•November 9, 2009 • Leave a Comment
I spent the night with R. It’s odd that that’s something I used to be completely unable to do.
I hope this doesn’t turn in to a bitching post but he’s beginning to annoy me more and more. Sex is all about him and he really doesn’t get that I have no interest in it at the moment. He makes fun of my weight. I’m sensitive about it. A lot of the gain came from antipsychotics and I don’t think he understands that. The thing that annoyed me most though was his decison to clean my bathroom. It wasn’t dirty and didn’t need it and what he meant to be helpful came across as a criticism.
I don’t know how much longer I can stand this. I need a friend but not one who makes me feel so bad so much of the time.
•November 7, 2009 • Leave a Comment
Today I had a psychotherapy assessment. It was odd in that I found myself revealing more than I expected. I seemed to get on well with the assessor but I guess they’re trained to put you at ease. I think it could be helpful if everything works out.
Today I rather stupidly went in to placement to try to make up some time. Once I got there I realised that the woman I would have to work with was one who intimidates me and who treats students like shit. I decided there was no way I could stay and I left. I should have said I was ill or something but that would have meant speaking to her. I feel such an idiot. I wanted to cut badly when I got home so I phoned the crisis team. They came out to see me but it didn’t really help. I still feel ashamed of my behaviour and am afraid of what she’ll say about it.
I can’t continue to avoid sex with R and I imagine we’ll try it tonight. I’ve asked him to bring some lubricant. Hopefully that will make it hurt less.
•November 5, 2009 • Leave a Comment
R and I have now been having a relationship for a couple of months. It’s not real and that’s my fault. He seemed to be getting moody and annoyed around me and I was terrified of losing my one friend so I gave him what he claimed he wanted and agreed to a relationship. I feel bad as I don’t put in as much as he does. I haven’t even been faithful – I’ve done two bdsm session with other men without telling him. Both have involved sexual contact.
I like R a lot as a friend but I’m not in love with him. I can’t end the relationship though as that would leave me entirely friendless. I feel like such a cow.
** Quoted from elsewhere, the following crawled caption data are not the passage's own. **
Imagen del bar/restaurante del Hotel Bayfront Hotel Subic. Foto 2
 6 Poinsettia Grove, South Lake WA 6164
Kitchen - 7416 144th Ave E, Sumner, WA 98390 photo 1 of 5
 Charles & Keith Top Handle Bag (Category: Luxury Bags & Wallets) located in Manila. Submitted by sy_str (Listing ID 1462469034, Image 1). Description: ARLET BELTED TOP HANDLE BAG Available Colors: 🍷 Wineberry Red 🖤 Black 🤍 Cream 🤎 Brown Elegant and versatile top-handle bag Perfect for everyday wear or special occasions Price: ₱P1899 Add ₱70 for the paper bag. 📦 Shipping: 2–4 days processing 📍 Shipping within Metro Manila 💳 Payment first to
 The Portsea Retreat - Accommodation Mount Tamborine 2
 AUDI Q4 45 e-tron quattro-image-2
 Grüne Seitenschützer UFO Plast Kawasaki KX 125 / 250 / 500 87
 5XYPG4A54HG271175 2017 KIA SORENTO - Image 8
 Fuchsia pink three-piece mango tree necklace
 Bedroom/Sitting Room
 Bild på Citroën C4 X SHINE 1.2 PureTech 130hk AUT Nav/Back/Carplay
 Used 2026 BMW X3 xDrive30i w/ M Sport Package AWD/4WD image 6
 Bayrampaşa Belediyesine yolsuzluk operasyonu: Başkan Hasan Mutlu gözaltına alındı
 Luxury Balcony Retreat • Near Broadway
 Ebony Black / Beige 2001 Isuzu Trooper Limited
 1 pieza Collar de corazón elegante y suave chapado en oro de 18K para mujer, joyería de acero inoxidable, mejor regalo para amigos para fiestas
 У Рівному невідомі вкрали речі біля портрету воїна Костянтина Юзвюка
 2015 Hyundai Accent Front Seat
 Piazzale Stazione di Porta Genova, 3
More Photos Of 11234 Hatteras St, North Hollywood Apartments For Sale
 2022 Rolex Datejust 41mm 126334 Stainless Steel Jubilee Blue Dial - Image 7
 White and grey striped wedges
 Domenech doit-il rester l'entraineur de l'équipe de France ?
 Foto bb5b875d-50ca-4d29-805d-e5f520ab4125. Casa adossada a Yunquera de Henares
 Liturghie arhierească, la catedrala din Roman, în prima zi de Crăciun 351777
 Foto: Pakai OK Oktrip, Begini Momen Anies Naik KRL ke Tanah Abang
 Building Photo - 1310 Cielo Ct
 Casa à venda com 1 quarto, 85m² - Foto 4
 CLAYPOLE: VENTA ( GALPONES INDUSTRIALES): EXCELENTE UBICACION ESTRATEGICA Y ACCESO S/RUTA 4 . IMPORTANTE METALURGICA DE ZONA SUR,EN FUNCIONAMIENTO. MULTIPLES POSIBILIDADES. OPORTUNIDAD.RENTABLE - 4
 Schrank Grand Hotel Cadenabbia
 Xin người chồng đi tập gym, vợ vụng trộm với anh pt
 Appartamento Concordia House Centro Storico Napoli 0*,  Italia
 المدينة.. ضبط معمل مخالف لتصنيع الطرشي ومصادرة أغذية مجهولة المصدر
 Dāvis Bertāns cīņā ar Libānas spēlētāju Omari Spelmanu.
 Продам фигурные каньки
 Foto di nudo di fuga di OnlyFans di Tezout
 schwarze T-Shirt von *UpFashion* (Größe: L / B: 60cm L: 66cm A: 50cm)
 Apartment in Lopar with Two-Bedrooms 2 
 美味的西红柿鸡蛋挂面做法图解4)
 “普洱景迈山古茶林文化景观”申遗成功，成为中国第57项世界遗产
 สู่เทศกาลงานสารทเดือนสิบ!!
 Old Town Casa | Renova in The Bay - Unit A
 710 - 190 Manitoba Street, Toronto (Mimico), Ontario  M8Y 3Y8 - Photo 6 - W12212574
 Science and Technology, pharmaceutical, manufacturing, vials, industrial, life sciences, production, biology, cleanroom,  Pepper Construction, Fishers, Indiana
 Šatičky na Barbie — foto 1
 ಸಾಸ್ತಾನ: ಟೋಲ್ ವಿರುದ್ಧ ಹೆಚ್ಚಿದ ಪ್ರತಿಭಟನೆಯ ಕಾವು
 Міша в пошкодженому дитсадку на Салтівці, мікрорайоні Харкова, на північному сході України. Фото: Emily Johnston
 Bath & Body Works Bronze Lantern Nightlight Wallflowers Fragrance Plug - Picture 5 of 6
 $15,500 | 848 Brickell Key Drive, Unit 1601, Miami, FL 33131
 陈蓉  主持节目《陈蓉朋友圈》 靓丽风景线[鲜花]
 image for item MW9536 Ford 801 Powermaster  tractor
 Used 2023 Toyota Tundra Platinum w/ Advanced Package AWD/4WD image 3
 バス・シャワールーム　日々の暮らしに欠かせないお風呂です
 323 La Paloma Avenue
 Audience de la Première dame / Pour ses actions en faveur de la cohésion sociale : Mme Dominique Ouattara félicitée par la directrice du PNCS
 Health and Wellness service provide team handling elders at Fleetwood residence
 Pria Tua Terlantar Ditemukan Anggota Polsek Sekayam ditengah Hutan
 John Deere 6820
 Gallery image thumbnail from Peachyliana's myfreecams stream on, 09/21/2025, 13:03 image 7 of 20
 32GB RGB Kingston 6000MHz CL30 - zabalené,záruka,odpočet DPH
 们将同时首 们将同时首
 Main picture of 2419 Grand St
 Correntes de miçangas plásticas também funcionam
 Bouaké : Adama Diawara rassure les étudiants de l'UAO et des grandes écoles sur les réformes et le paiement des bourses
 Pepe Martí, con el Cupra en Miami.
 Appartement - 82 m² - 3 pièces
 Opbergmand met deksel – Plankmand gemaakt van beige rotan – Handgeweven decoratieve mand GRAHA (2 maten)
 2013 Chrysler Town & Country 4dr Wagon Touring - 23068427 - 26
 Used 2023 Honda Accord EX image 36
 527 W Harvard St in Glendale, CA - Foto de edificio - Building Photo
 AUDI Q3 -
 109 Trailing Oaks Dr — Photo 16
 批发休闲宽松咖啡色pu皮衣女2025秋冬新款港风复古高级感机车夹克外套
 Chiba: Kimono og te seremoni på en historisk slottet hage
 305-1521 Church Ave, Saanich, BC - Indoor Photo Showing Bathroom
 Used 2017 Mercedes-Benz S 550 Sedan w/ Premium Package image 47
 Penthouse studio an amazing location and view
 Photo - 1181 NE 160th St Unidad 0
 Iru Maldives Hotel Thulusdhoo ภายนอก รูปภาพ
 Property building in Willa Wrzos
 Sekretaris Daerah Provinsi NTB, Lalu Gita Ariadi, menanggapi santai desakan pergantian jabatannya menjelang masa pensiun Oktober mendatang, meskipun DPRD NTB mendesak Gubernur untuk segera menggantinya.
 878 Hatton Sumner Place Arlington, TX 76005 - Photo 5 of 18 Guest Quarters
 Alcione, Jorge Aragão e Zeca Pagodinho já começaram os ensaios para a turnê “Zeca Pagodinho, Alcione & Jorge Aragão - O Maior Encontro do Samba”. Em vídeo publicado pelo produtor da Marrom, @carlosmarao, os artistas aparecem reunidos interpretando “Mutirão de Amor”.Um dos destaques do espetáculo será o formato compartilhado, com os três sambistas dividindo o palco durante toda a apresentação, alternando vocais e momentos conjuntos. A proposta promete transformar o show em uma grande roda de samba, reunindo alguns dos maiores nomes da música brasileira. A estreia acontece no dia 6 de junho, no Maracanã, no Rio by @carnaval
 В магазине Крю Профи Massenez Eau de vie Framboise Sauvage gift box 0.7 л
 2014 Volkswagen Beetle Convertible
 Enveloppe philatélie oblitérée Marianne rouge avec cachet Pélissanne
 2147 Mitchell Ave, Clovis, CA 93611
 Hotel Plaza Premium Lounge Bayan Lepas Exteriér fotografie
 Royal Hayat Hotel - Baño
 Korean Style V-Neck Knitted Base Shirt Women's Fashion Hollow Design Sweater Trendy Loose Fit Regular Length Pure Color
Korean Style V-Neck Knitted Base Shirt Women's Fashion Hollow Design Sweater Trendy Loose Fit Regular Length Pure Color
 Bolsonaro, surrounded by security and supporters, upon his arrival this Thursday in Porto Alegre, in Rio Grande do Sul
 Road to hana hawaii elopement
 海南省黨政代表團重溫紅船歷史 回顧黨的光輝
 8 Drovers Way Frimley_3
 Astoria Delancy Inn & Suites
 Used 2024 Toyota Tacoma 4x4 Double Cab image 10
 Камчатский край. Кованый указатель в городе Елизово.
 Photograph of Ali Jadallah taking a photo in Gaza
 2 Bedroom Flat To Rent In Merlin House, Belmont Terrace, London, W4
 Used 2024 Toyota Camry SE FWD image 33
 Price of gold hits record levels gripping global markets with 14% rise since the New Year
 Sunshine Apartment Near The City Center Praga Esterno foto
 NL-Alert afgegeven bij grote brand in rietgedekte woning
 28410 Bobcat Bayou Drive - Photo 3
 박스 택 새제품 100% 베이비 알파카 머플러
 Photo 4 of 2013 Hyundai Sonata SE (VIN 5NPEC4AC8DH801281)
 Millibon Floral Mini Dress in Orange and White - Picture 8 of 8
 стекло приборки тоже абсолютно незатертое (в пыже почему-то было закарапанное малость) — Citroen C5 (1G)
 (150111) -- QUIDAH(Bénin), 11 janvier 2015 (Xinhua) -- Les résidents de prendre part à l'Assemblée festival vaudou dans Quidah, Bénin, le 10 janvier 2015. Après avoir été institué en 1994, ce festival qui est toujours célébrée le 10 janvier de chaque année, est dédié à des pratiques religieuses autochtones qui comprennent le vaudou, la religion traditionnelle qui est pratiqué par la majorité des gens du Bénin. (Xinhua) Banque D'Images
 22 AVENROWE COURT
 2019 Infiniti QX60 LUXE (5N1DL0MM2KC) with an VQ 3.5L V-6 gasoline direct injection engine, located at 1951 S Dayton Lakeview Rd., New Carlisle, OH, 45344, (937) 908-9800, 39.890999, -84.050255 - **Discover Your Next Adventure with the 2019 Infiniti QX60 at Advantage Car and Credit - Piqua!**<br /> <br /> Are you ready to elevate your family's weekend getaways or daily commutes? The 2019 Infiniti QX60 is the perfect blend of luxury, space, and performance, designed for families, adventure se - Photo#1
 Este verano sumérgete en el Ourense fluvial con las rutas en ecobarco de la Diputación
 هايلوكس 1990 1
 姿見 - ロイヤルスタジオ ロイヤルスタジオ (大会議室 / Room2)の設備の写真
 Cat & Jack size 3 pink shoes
•November 4, 2009 • Leave a Comment
It’s been a while since I last wrote anything here. Things haven’t changed a lot. I’m currently under the crisis team (again). I took a paracetamol overdose on Monday. I had no other drugs as the crisis team have them. At the time I took them I really wanted to die but after about half an hour I began to have second thoughts and called NHS Direct who called for an ambulance for me. I got some treatment and now I’m home. The voices think I’m weak as I chickened out of dying. Liver failure is a long slow process. It scares me slightly. I didn’t know what I was doing. I had to be seen for a psychiatric assessment before I left the hospital. It was a waste of time. All I got told was I need to deal with my anxiety and that my family would be upset if I die. The psychiatrist was rather patronising too and kept calling me “darling” which I disliked. There is one member of the crisis team dislikes me too and I always seem to end up getting him whenever I feel down.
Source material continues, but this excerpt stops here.